TASK OBJECTIVE – Your answer should hold exactly the lines below from the line with "PISTOLA F.N. BROWNING" through the line with "Nuvens volumosas em", both included, and no pictures at all.

[Scraped caption text data]

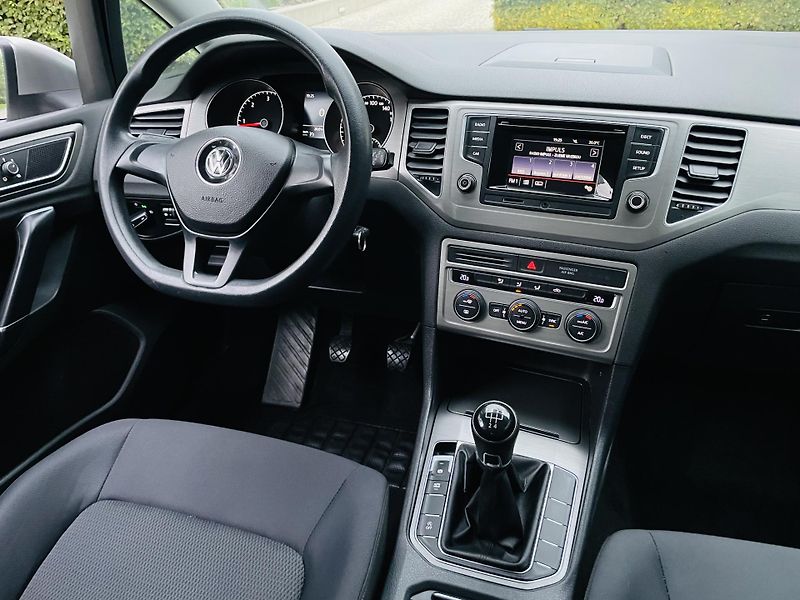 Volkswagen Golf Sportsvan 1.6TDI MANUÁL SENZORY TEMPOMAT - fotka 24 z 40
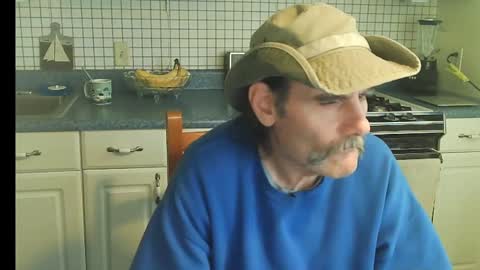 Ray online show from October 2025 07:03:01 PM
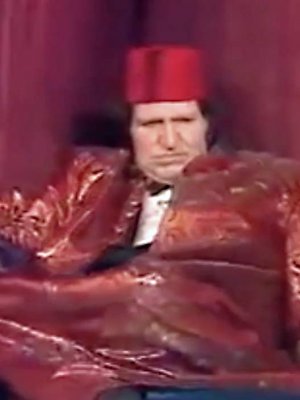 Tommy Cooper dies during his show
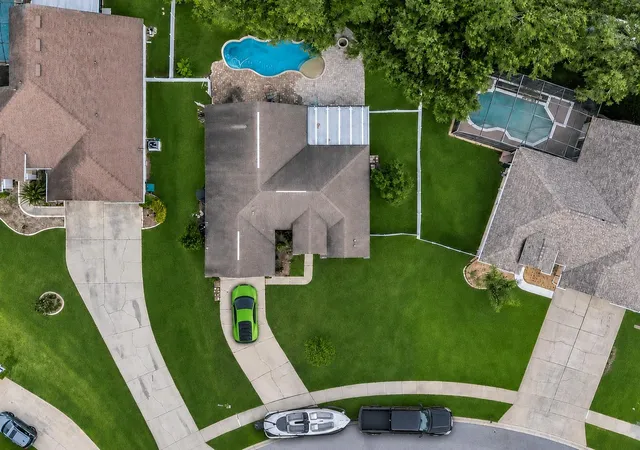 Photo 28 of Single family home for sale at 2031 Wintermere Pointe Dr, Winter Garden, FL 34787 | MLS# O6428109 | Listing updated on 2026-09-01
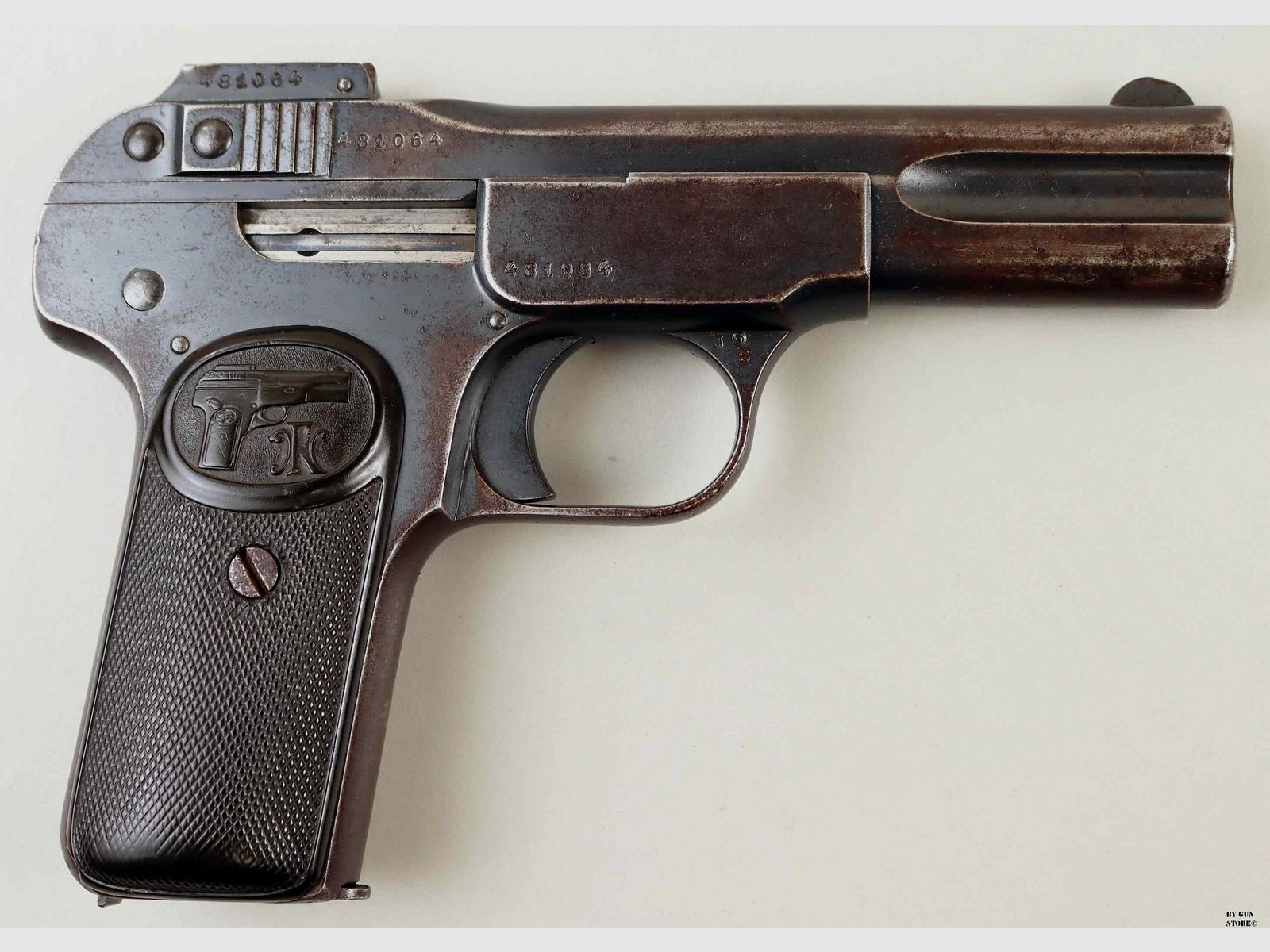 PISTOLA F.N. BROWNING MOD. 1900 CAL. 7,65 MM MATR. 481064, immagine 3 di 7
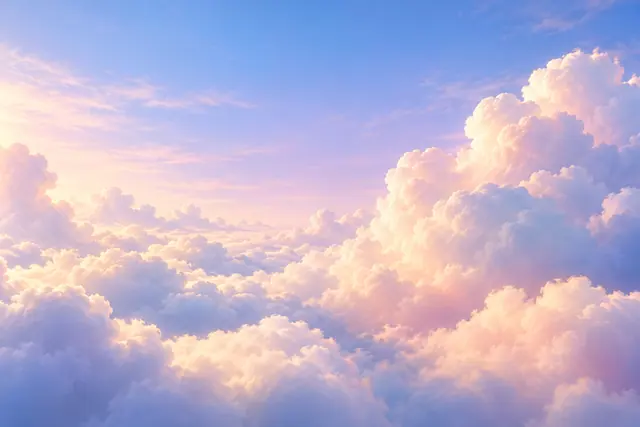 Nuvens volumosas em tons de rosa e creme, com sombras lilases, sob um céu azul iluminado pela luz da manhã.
---
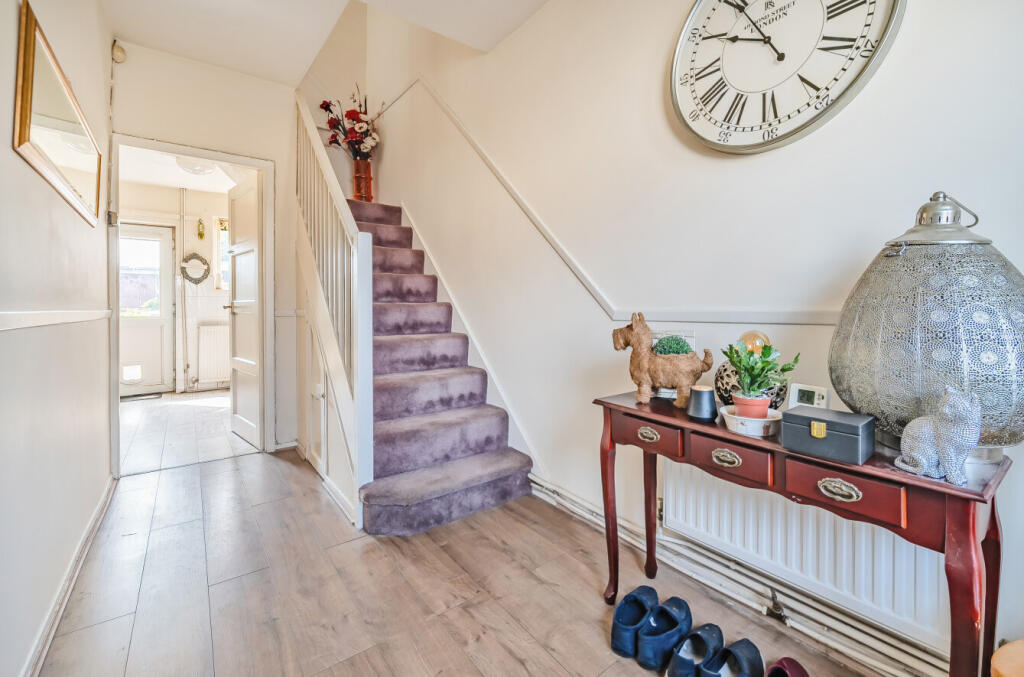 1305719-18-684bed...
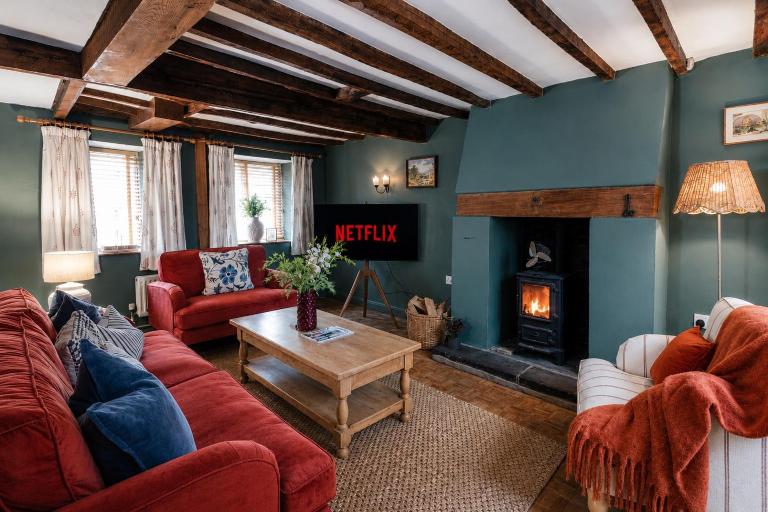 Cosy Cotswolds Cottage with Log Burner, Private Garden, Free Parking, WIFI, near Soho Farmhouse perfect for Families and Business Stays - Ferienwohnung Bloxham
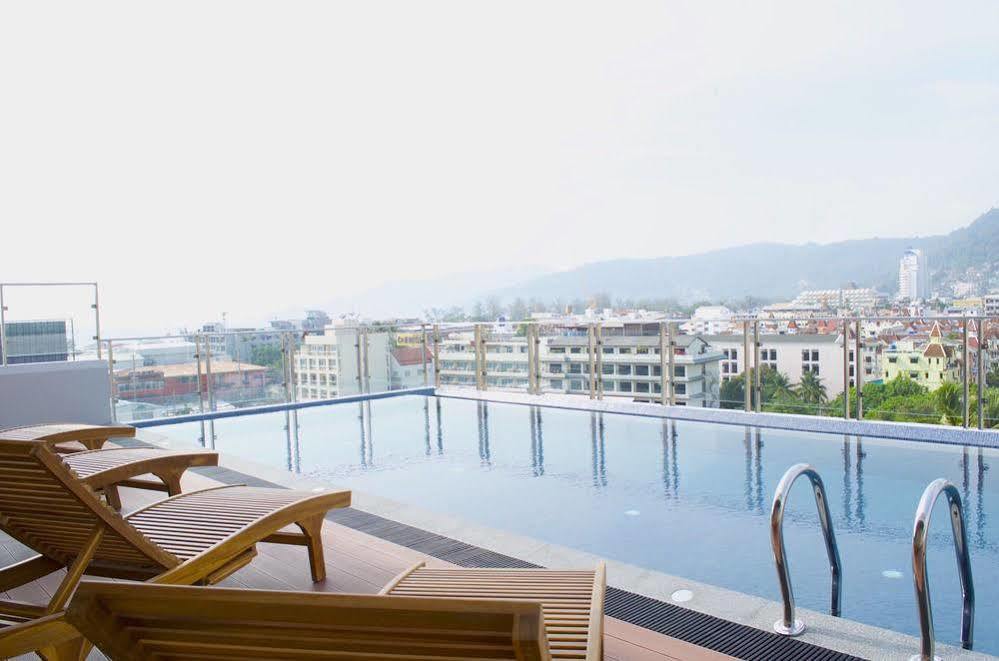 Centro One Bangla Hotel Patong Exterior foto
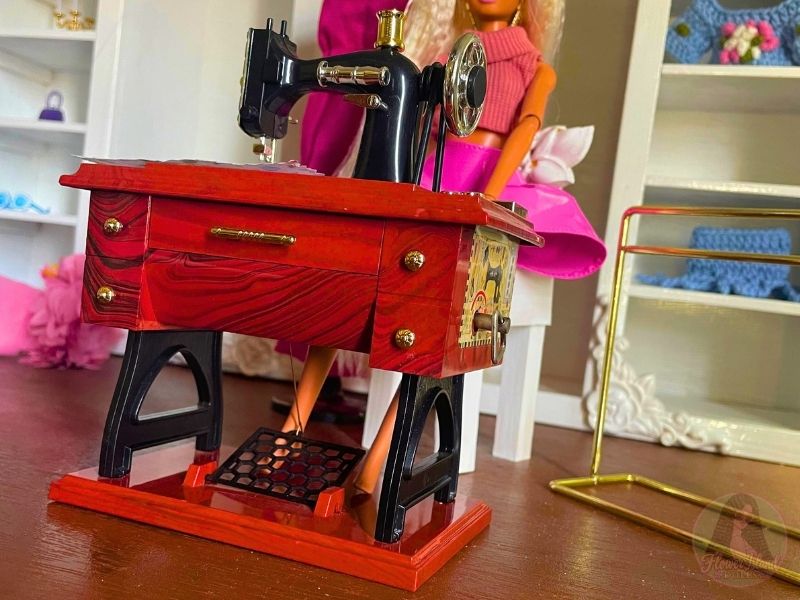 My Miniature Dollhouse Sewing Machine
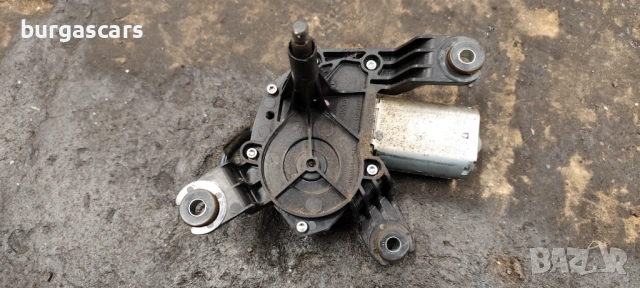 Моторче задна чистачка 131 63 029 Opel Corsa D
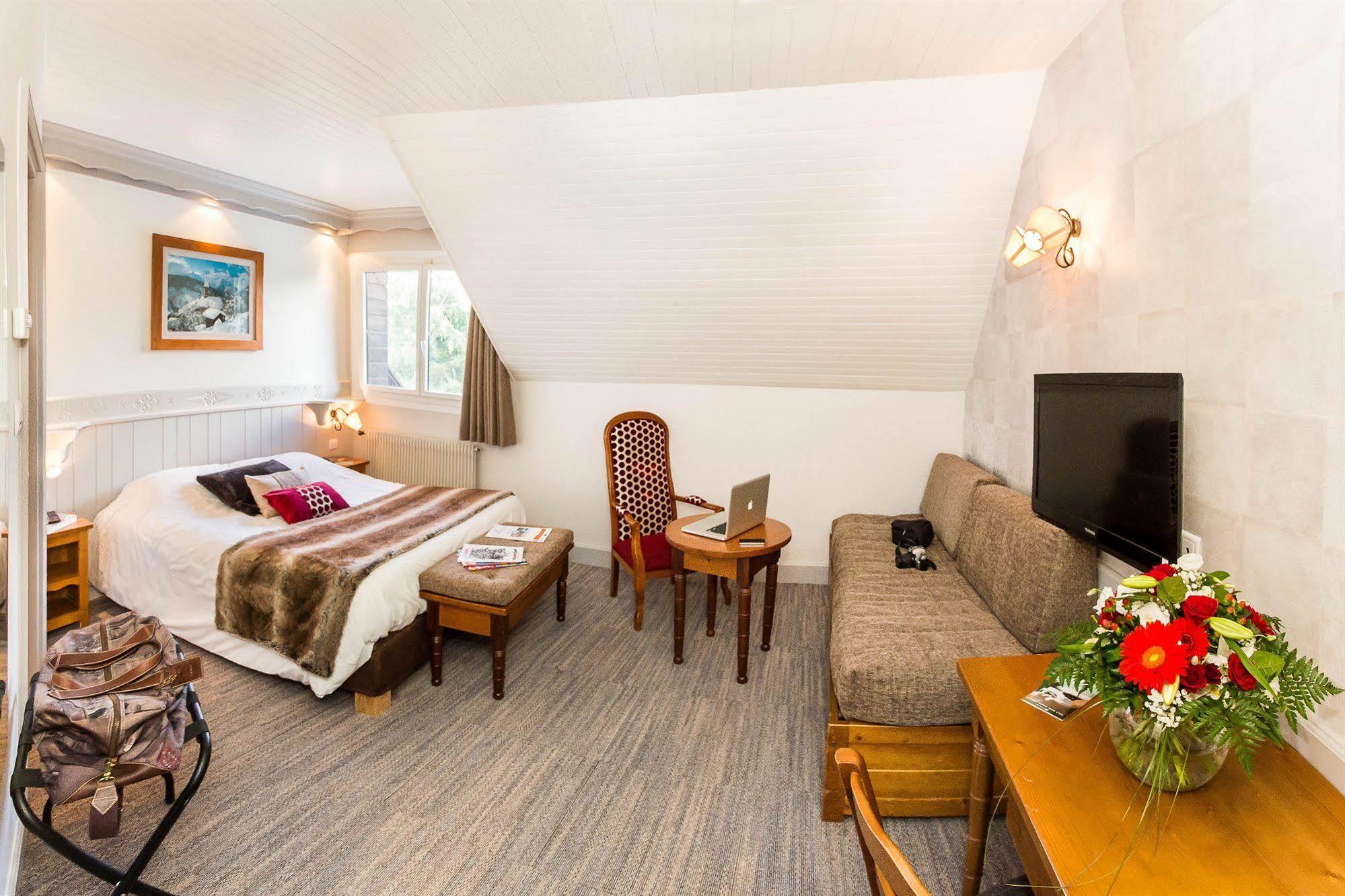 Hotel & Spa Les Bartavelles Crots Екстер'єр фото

YOUR RESPONSE –
 PISTOLA F.N. BROWNING MOD. 1900 CAL. 7,65 MM MATR. 481064, immagine 3 di 7
 Nuvens volumosas em tons de rosa e creme, com sombras lilases, sob um céu azul iluminado pela luz da manhã.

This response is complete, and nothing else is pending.